TASK GOAL:
For the entries that follow, retype exactly the lines from the one containing "to express diff" to the one containing "Curling Leaves On", inclusive, and only those. Images stay out of the copy.

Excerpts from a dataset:
• • •
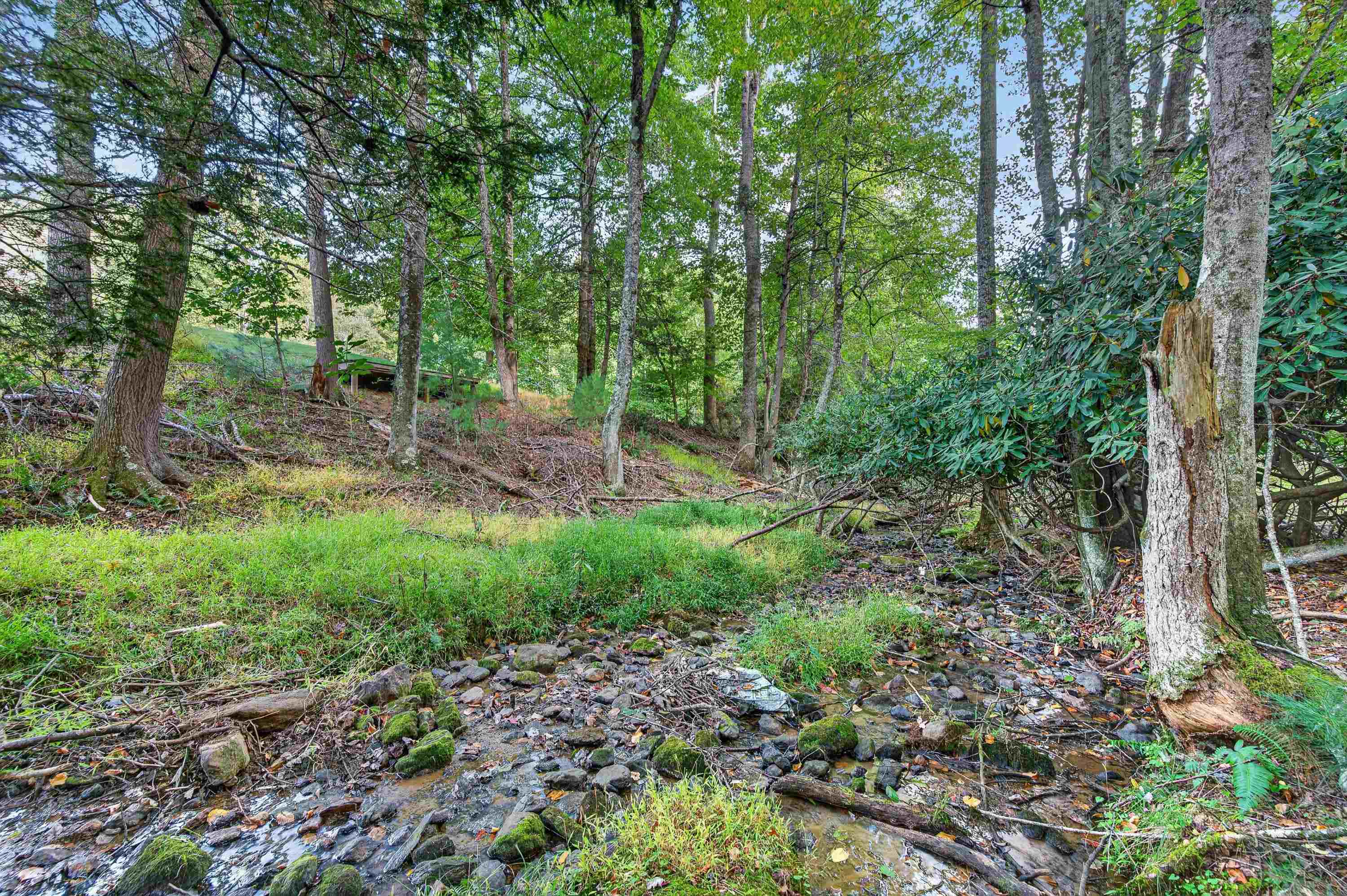 1310 Reedsville Road NW Floyd VA 24091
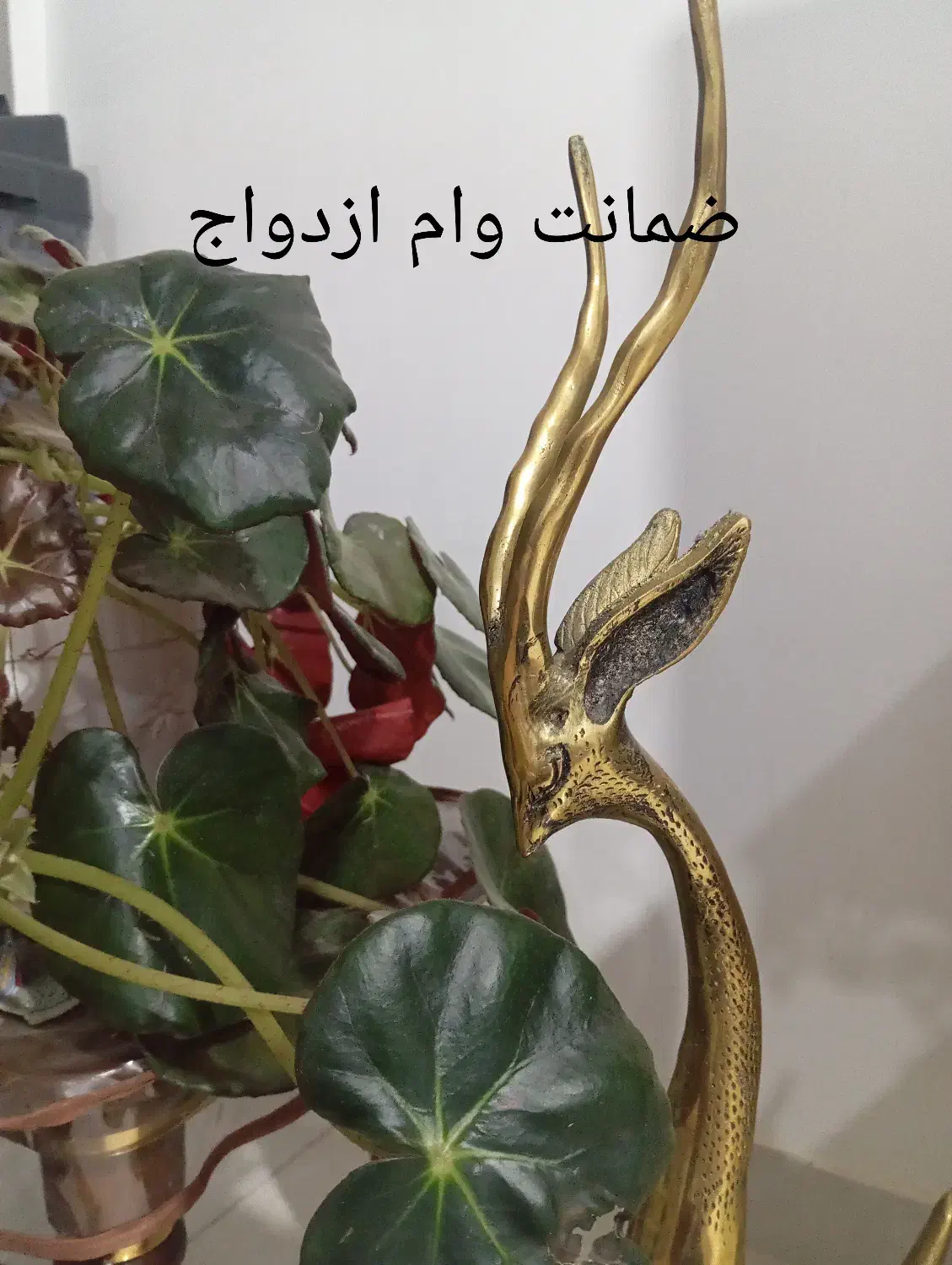 نیازمند ضامن وام ازدواج|خدمات مالی، حسابداری، بیمه|اسلامآباد غرب, |دیوار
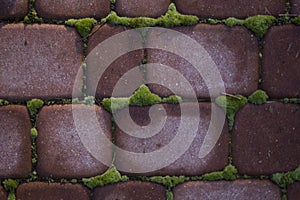 Red bricks wall with moss for background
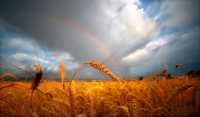 Уборку зерновых в Хакасии сдерживают дожди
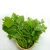 Import Malabar Spinach Vegetables/ Mekong herbals from Vietnam
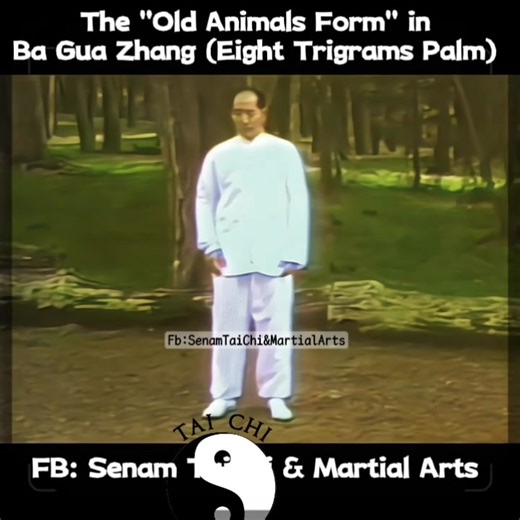☯️🌀Master George Xu demonstrates of Old Eight Animals Bagua Zhang Form🌀☯️ The "Old Animals form" (Ba Shou 八手) in Ba Gua Zhang (Eight Trigrams Palm) refers to the core set of eight foundational palm changes, each associated with an animal (Lion, Monkey, Rooster, Dragon, Phoenix, Snake, Bear, Qilin/Unicorn) and an / Ching trigram, that train fundamental body mechanics, intention (Yi), and spiraling energy through circular walking, with variations in hand shapes and body movements to express diff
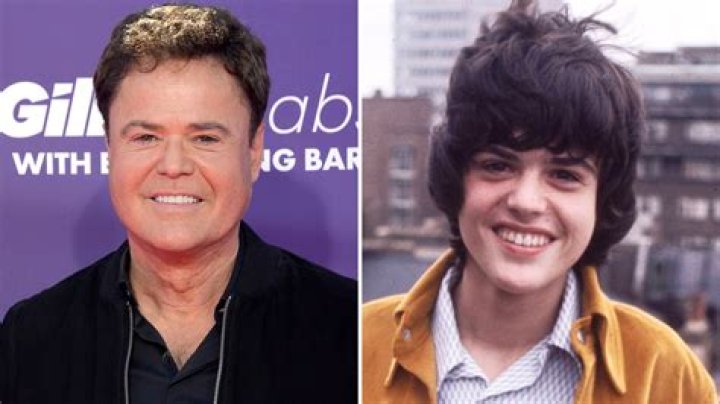 
How Much Money Does Donny Osmond Make? Latest Income Salary
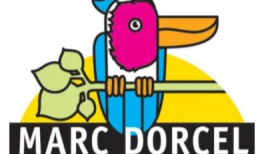 法国啄木鸟视频,自然界的敲击者与生态守护者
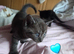 Stunning kittens ready end of June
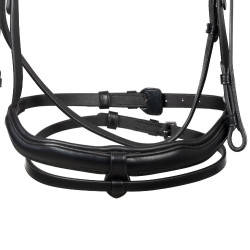 Equestro hoofdstel met anatomische neusriem Zwart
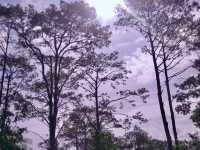 Tall Pines & Fresh Air – Kirirom National Park, Cambodia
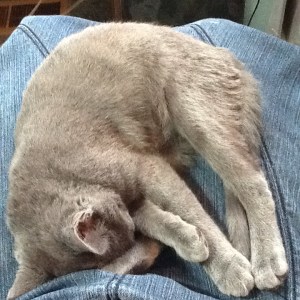 Katya in the sewing room 003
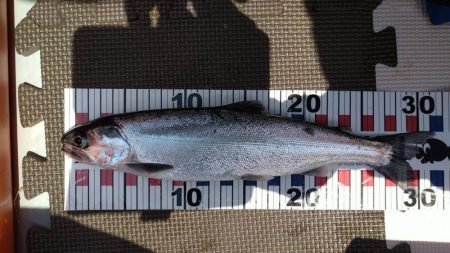 ビワマスジギング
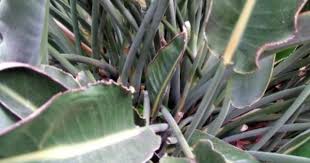 Curling Leaves On Bird Of Paradise Fixes For Leaves Curling Up On Bird Of Paradise Birds Of Paradise Plant Paradise Plant Plants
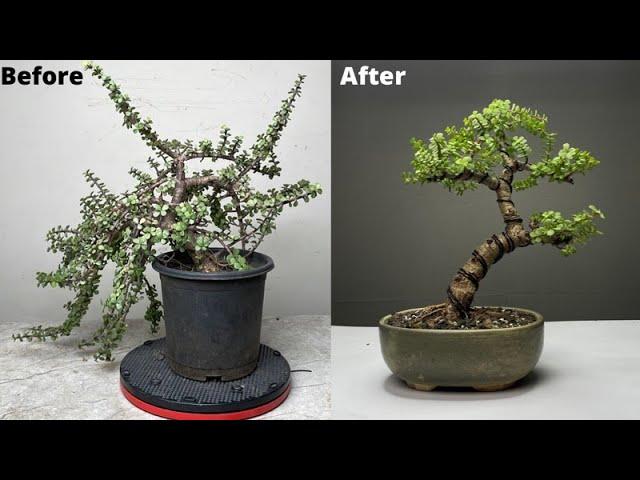 Creating Bonsai from Dwarf Jade Plant | Repotting | Pruning | Wiring | Portulacaria Afra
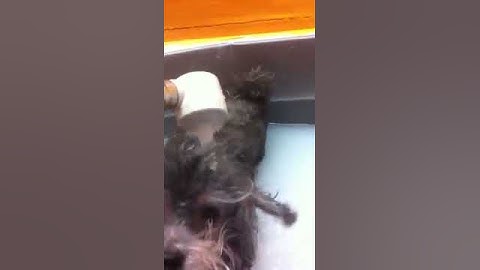 Minicle Micro Bubble by Cocojor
• • •
RESPONSE TO THE TASK:
☯️🌀Master George Xu demonstrates of Old Eight Animals Bagua Zhang Form🌀☯️ The "Old Animals form" (Ba Shou 八手) in Ba Gua Zhang (Eight Trigrams Palm) refers to the core set of eight foundational palm changes, each associated with an animal (Lion, Monkey, Rooster, Dragon, Phoenix, Snake, Bear, Qilin/Unicorn) and an / Ching trigram, that train fundamental body mechanics, intention (Yi), and spiraling energy through circular walking, with variations in hand shapes and body movements to express diff
How Much Money Does Donny Osmond Make? Latest Income Salary
 法国啄木鸟视频,自然界的敲击者与生态守护者
 Stunning kittens ready end of June
 Equestro hoofdstel met anatomische neusriem Zwart
 Tall Pines & Fresh Air – Kirirom National Park, Cambodia
 Katya in the sewing room 003
 ビワマスジギング
 Curling Leaves On Bird Of Paradise Fixes For Leaves Curling Up On Bird Of Paradise Birds Of Paradise Plant Paradise Plant Plants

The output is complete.